3. Use the mole ratio from the balanced equation to determine the moles of the unknown substance.
4. Convert the moles of the unknown substance to the desired units (mass, volume, etc.).

REMEMBER: Moles are central to stoichiometric calculations. Use the formula: \(n = \frac{m}{M}\) (where \(n\) = moles, \(m\) = mass, \(M\) = molar mass). At SLC, \(n = \frac{V}{V_m}\) (where \(V\) = volume and \(V_m\)= 24.8 L/mol).

Combustion Stoichiometry Calculations

1. Calculating Mass of Reactants/Products

• Example: Calculate the mass of \(CO_2\) produced when 10.0 g of methane (\(CH_4\)) undergoes complete combustion.
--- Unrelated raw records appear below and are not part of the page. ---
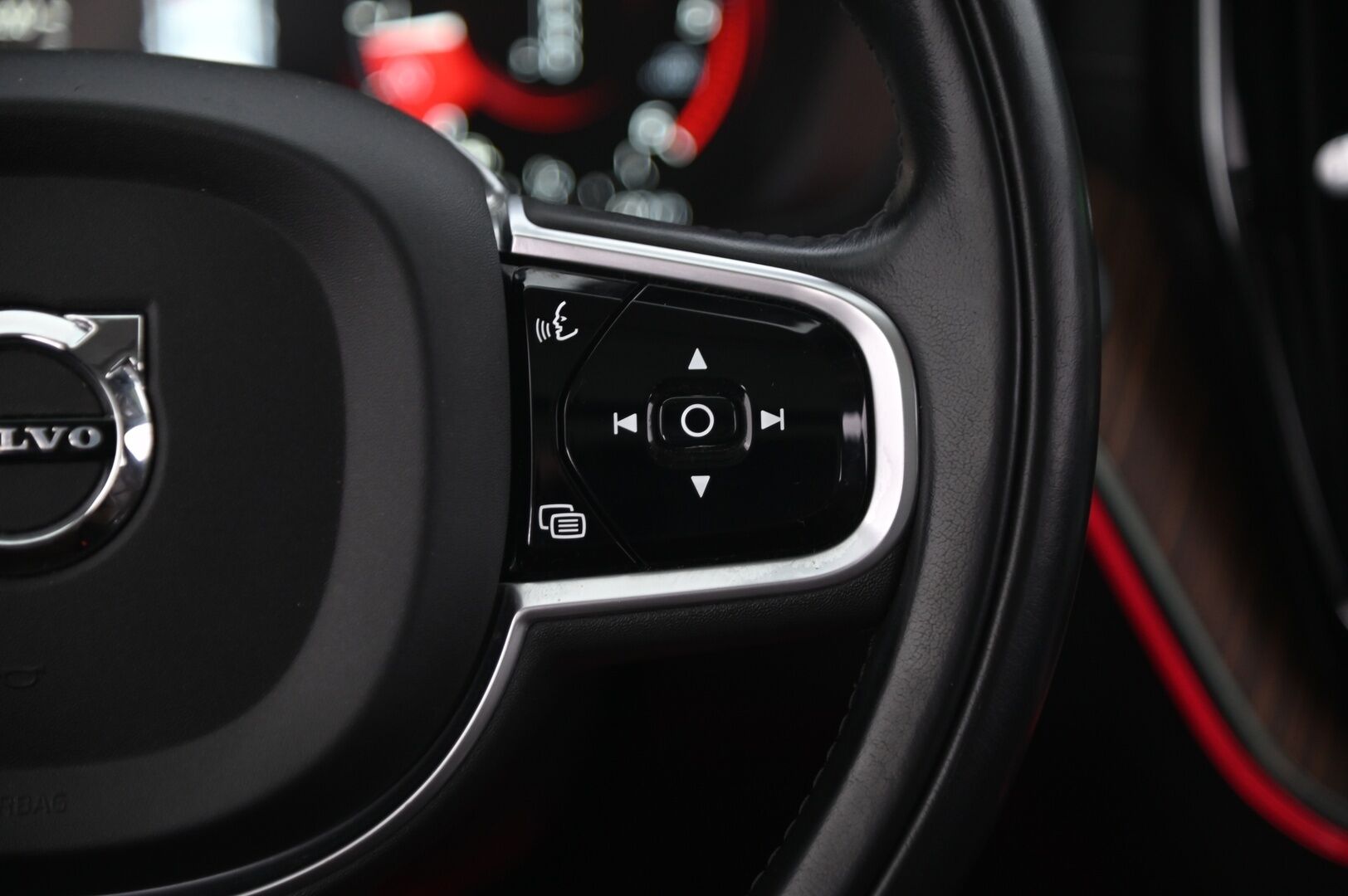 Volvo XC60 2019 D4 AWD Business Inscription aut - Suomi-auto | Vetokoukku | VOC | ACC | Panorama | Muistipenkit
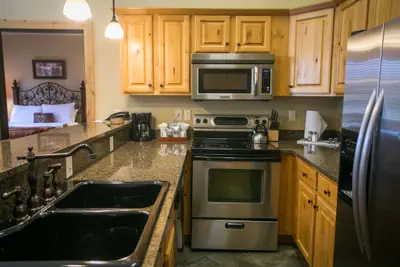 Photo 4 - Large Condo, Steps Away from Canyons Village Save 20% on 7+ Nights!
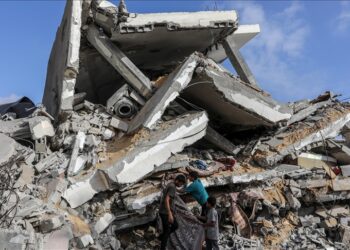 İsrail’in Refah kentinde sivillerin olduğu bir noktaya düzenlediği saldırıda 11 kişi öldü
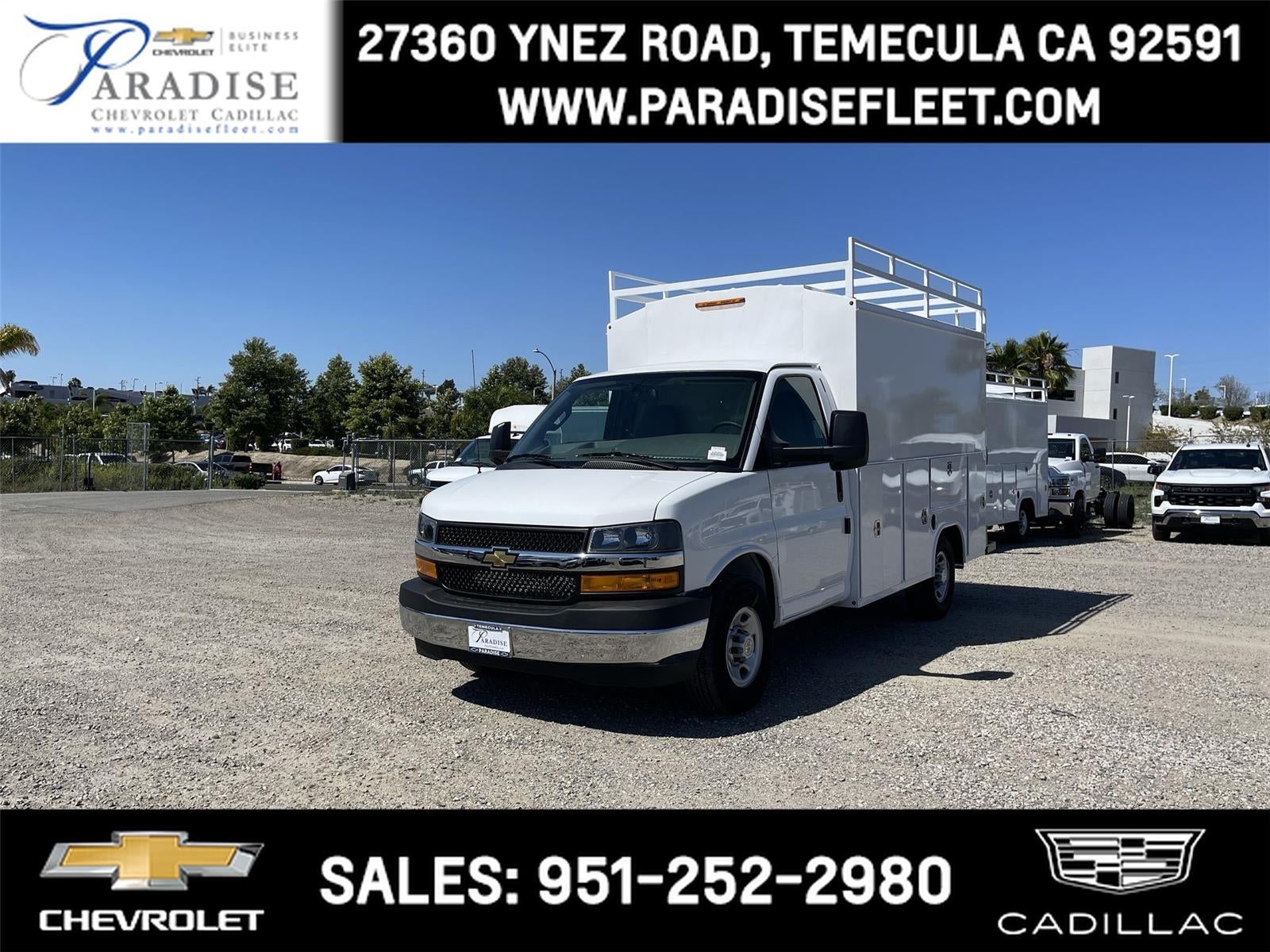 Summit White 2026 Chevrolet Express Chassis Van Rear-Wheel Drive Automatic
  1. Balanced equation: \(CH_4(g) + 2O_2(g) \rightarrow CO_2(g) + 2H_2O(g)\)
  2. Moles of \(CH_4\): \(n(CH_4) = \frac{10.0 \ g}{16.04 \ g/mol} = 0.623 \ mol\)
  3. Mole ratio \(CH_4 : CO_2\) is 1:1. Therefore, \(n(CO_2) = 0.623 \ mol\)
  4. Mass of \(CO_2\): \(m(CO_2) = 0.623 \ mol \times 44.01 \ g/mol = 27.4 \ g\)

2. Calculating Volume of Gaseous Reactants/Products (at SLC)
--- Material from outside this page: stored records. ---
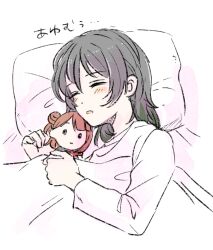 1girl black_hair blunt_bangs character_doll check_commentary commentary_request doll gradient_hair green_hair hair_bun half_updo head_on_pillow hood hood_down love_live! love_live!_nijigasaki_high_school_idol_club lying medium_hair multicolored_hair on_bed on_side pink_hair shirt single_side_bun sleeping solid_oval_eyes solllolll solo swept_bangs takasaki_yu translated uehara_ayumu upper_body white_shirt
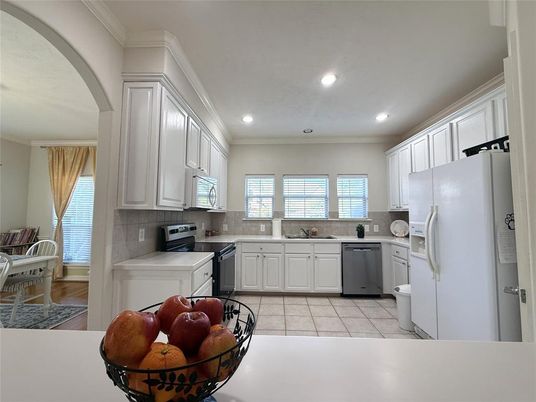 Dining room, Interior, Kitchen, Recessed Lighting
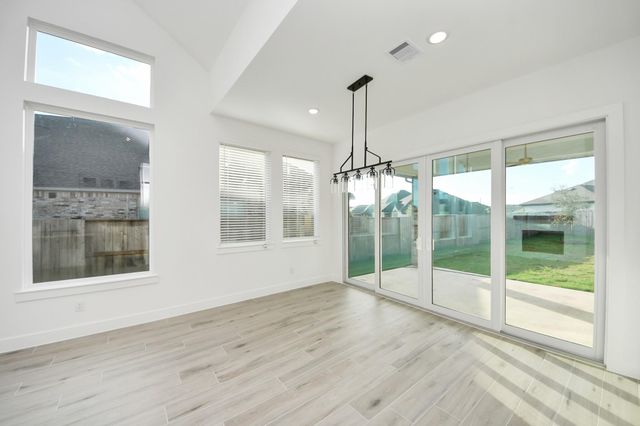 9519 Chateau Hill, Manvel, TX 77578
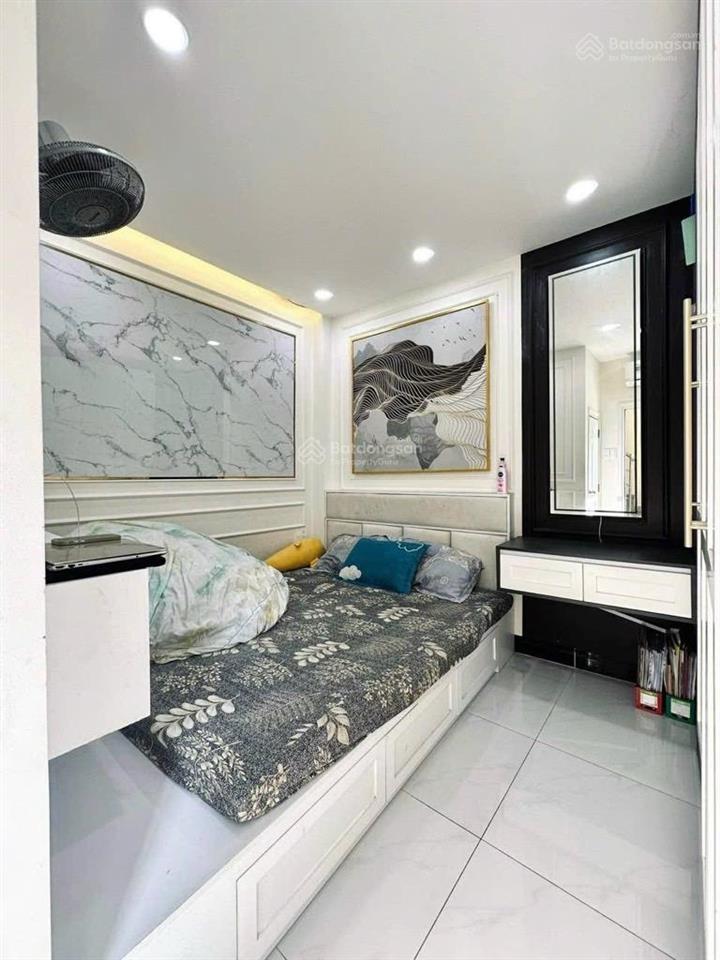 Sát mặt tiền hoàng văn thụ  phú nhuận  5 tầng 3pn  5,5t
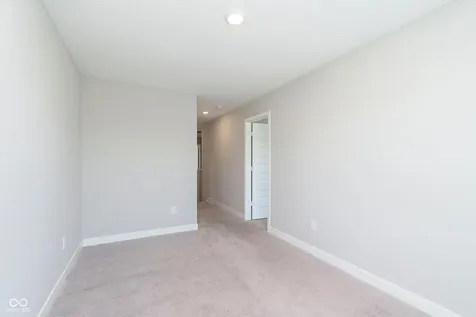 1237 Langham Street Avon IN 46123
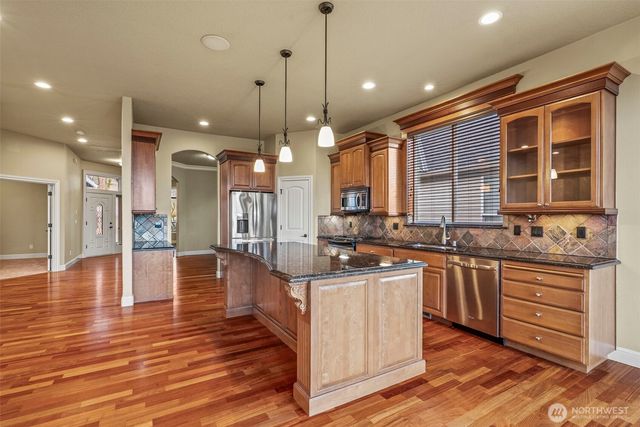 4860 K Street, Washougal, WA 98671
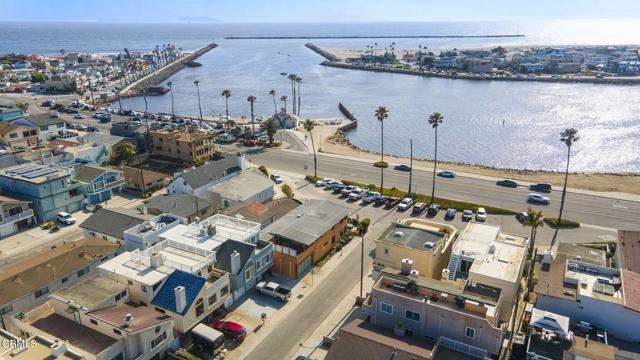 2924 Lakeshore Court, Oxnard CA: https://media.crmls.org/mediaz/7b6b1208-d357-48ed-995c-a449af329fcc.jpg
• Standard laboratory conditions (SLC): 25°C and 100 kPa. Molar volume (\(V_m\)) at SLC is 24.8 L/mol.

• Example: What volume of oxygen (at SLC) is required for the complete combustion of 5.0 g of ethane (\(C_2H_6\))?
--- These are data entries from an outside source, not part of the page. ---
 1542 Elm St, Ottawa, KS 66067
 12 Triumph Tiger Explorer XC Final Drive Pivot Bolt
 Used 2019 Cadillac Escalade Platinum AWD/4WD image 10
  1. Balanced equation: \(2C_2H_6(g) + 7O_2(g) \rightarrow 4CO_2(g) + 6H_2O(g)\)
  2. Moles of \(C_2H_6\): \(n(C_2H_6) = \frac{5.0 \ g}{30.07 \ g/mol} = 0.166 \ mol\)
  3. Mole ratio \(C_2H_6 : O_2\) is 2:7. Therefore, \(n(O_2) = 0.166 \ mol \times \frac{7}{2} = 0.581 \ mol\)
  4. Volume of \(O_2\) at SLC: \(V(O_2) = 0.581 \ mol \times 24.8 \ L/mol = 14.4 \ L\)

3. Calculating Energy Released

• Use the thermochemical equation to determine the energy released per mole of fuel.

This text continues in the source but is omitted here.